<<<<

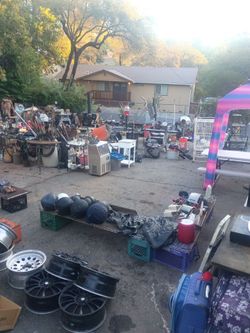 Awesome huge yard sale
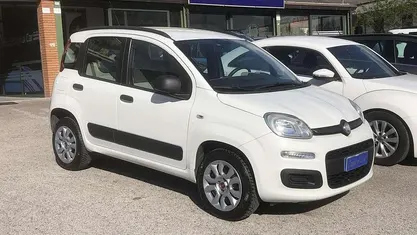 Usata 2014 Fiat Panda Easy Due volumi | 5300 € (Buon prezzo)
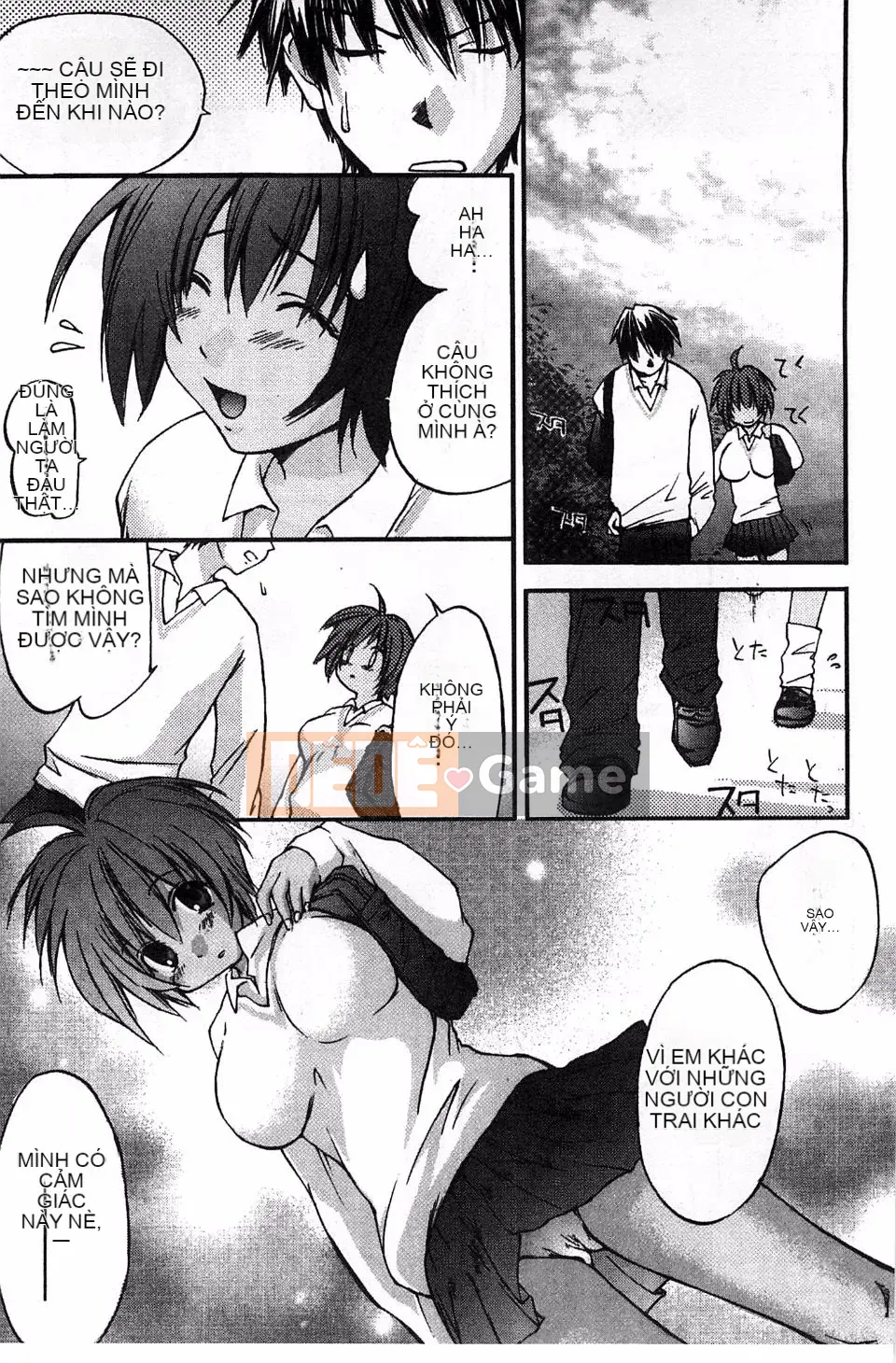 [Yuuki Homura] Duyệt tình yêu sau giờ học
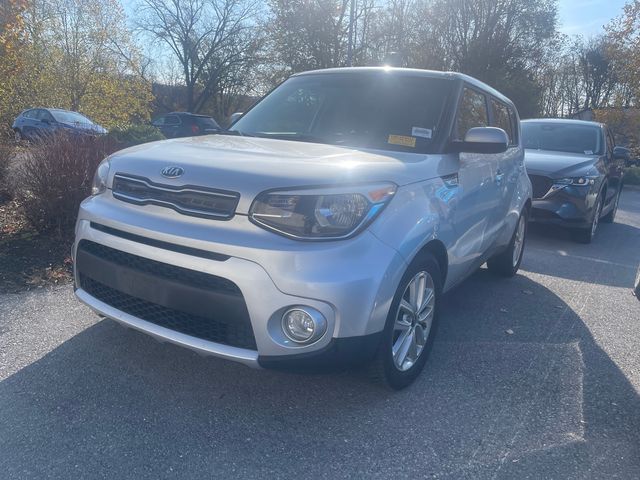 2017 Kia Soul Plus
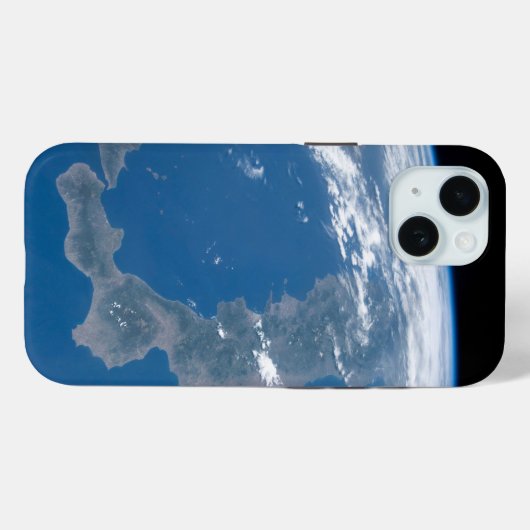 Italien und seine Insel Sizilien. Case-Mate iPhone Hülle (Rückseite (Horizontal))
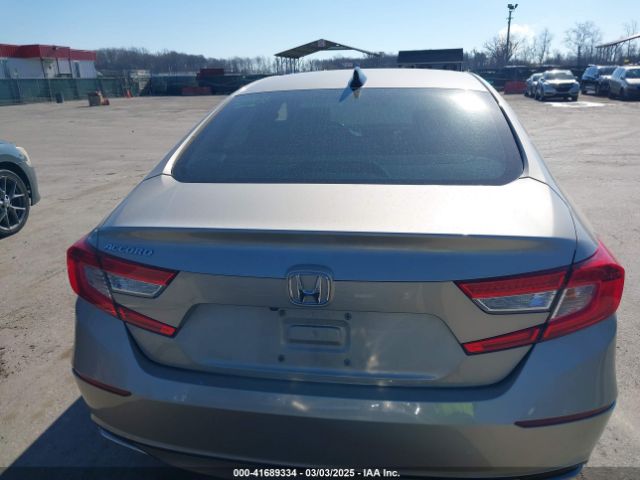 1HGCV1F59JA130122 Honda Accord Ex-l
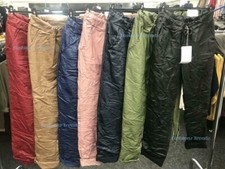 Italian Wet Look Ladies Faux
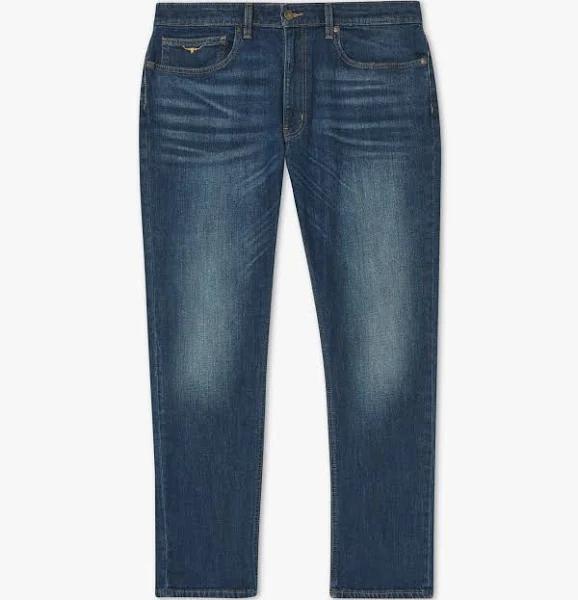 R.M. Williams Ramco Jeans - Medium Wash, 34/30 / Medium Wash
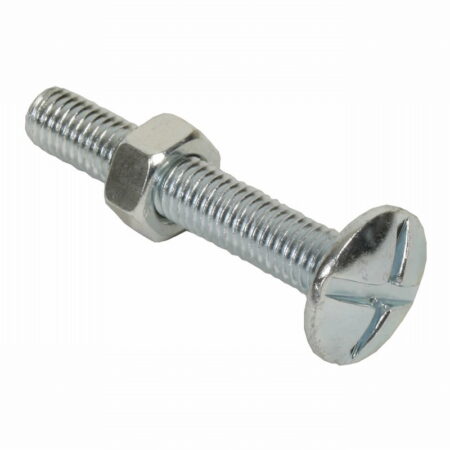 Coach Bolt & Nut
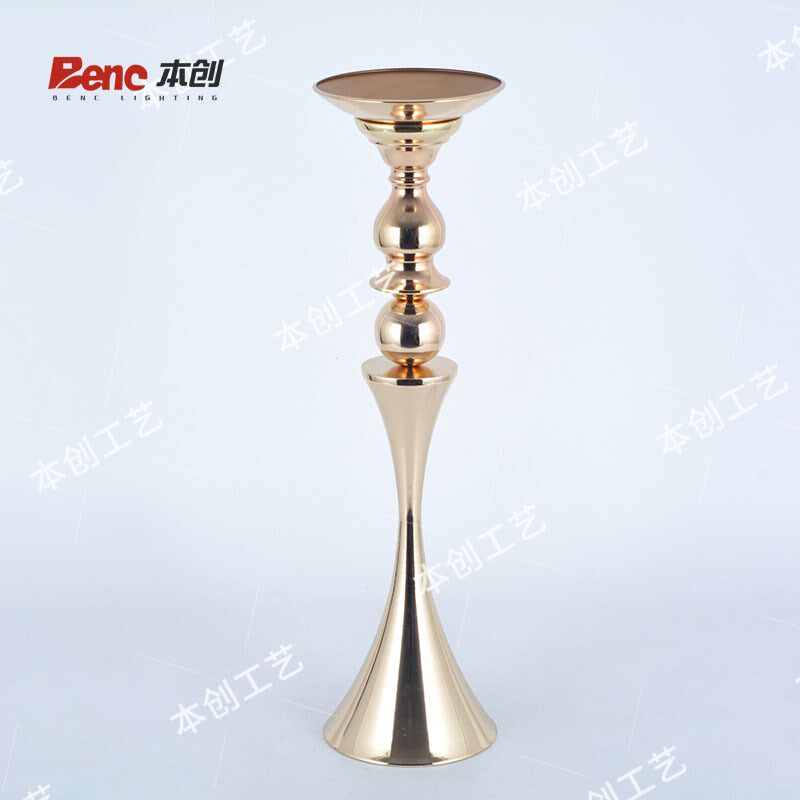 婚庆布置道具烛台桌花架西式婚礼场景装饰摆件金属铁艺餐桌花器,文具电教/文化用品/商务用品,文创/手作/文化用品,淘宝优惠券,粉丝福利购,淘宝优惠卷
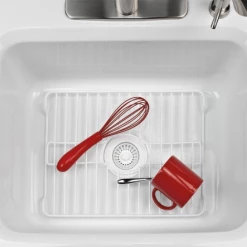 The Better House Sinkware Coated Steel Sink Protector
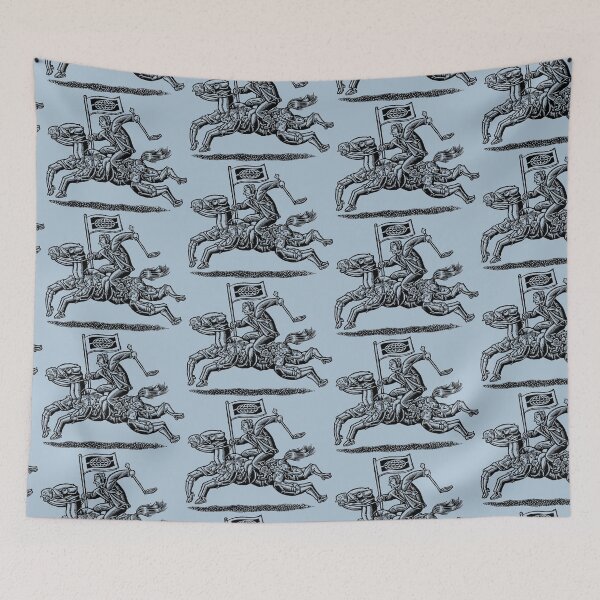 Item preview, Boss Rides Horse Made of Employees designed and sold by LisaHaney.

>>>>

(TASK DETAILS)
Give back the full listing word for word, with the pictures left out.

(RESPONSE TO THE EXERCISE)
 Awesome huge yard sale
 Usata 2014 Fiat Panda Easy Due volumi | 5300 € (Buon prezzo)
 [Yuuki Homura] Duyệt tình yêu sau giờ học
 2017 Kia Soul Plus
 Italien und seine Insel Sizilien. Case-Mate iPhone Hülle (Rückseite (Horizontal))
 1HGCV1F59JA130122 Honda Accord Ex-l
 Italian Wet Look Ladies Faux
 R.M. Williams Ramco Jeans - Medium Wash, 34/30 / Medium Wash
 Coach Bolt & Nut
 婚庆布置道具烛台桌花架西式婚礼场景装饰摆件金属铁艺餐桌花器,文具电教/文化用品/商务用品,文创/手作/文化用品,淘宝优惠券,粉丝福利购,淘宝优惠卷
 The Better House Sinkware Coated Steel Sink Protector
 Item preview, Boss Rides Horse Made of Employees designed and sold by LisaHaney.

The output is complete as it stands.